Dihari pertamanya bekerja, dia sangat gugup dan dadanya berdebar bukan main. Kali ini pekerjaannya hanyalah sebagai pendamping, bukan jadi pemimpin pasukan lagi. Akan tetapi atasannya bukan orang sembarangan. Bahkan saat itu, jika ada orang yang mendengar nama atasanya, maka sebesar apapun nyali orang pasti akan takut. Sebagai ajudan baru, Soerjadi hanya mendapat pesan dari ajudan sebelumnya bahwa “Bapak hanya ingin dengar kabar yang baik-baik saja”.

Nasihat yang sulit untuk dikerjakan dengan takzim memang. Dengan pergolakan peristiwa dan kondisi tahun 1981, adalah hal yang sulit jika hanya mengabarkan tentang kondisi yang adem-ayem. Walau situasi aslinya Indonesia diluar dari keadaan tentram. Namun Soerjadi tahu pekerjaan barunya lebih sulit daripada membariskan rapi satu pleton pasukan, karena Presiden kita saat itu selain takut akan kehilangan kekuasaan, juga takut mendengar kabar buruk. Soerjadi harus pandai menutupi, setidaknya dia mulai belajar menggunakan bahasa dengan penyampaian yang enak didengar.

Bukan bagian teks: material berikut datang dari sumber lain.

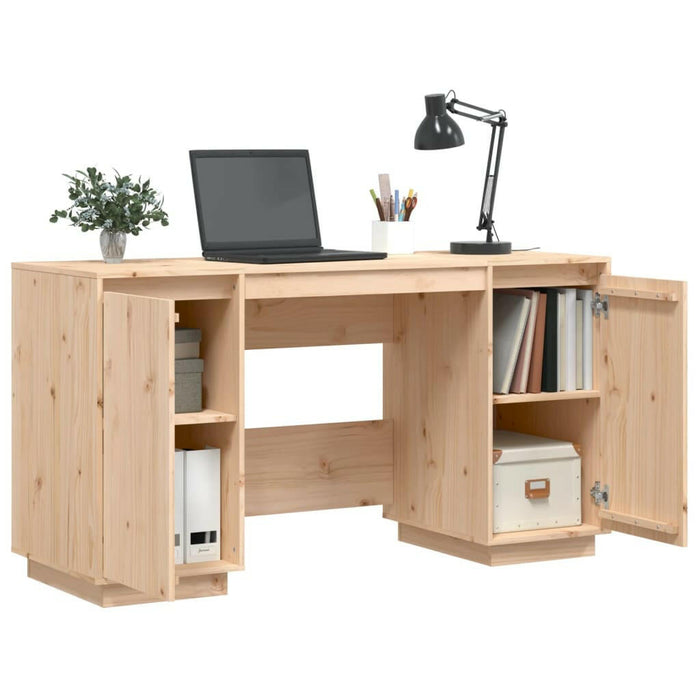 Bureau 140X50X75 Cm Massief Grenenhout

Ketika pertama kali satu mobil dengan atasannya, Soerjadi duduk di samping sopir. Sedangkan Soeharto duduk di kursi belakang sambil menghisap pipa cerutunya. Mobil mengarah ke Jalan Cendana Jakarta, pulang ke rumah Presiden. Belum ada perkenalan dan percakapan, hanya suara gending dan gamelan jawa yang mengisi kecanggungan terlantun dari radio mobil.

Setelah mengumpulkan keberanian, Soerjadi mencoba memulai percakapan lebih dahulu. Dipikirannya hanya takut suatu saat akan mengabarkan hal buruk, jadi dia memohon diri terlebih dahulu.“Mohon maaf pak” katanya dengan santun. Yang diajaknya bicara hanya berdeham dengan suara berat. “Mohon izin, mungkin suatu saat nanti saya memberi laporan yang kurang berkenan bagi Bapak” katanya berhati-hati.

Soerjadi menuntaskan kegelisahannya, namun bukannya lega Soerjadi semakin gelisah karena menunggu jawaban atas pernyataannya. Di belakang Soeharto menghisap cerutunya dalam-dalam dan whus! Sang Presiden menghembuskan asap cerutunya tepat mengenai tengkuk Soerjadi. Soerjadi kaget sekaligus merinding ketakutan. Itulah pertama kali dia mencium bau asap cerutu, dan tidak ada pembicaraan lagi selama perjalanan. Berselang waktu Soeharto memecah kebisuan, “Soer disini tempatnya belajar” ucap Soeharto. Soerjadi hanya bisa mengangguk.

Itu hanya sepenggal cerita saat Letkol Soerjadi menjadi ajudan Presiden Soeharto tahun 1981-1986. Dia dipilih dan tidak menolak tugas, atau lebih tepatnya nasib. Di periodenya menjabat sebagai  ajudan, banyak peristiwa penting yang dilaluinya bersama Soeharto, salah satunya adalah peristiwa Tanjung Priok. Sejarah kelam warisan Soeharto yang masih menimbulkan kontradiksi hingga saat ini, para pelakunya bebas. Keluarga korban menuntut keadilan, namun keadilan tidak kunjung datang.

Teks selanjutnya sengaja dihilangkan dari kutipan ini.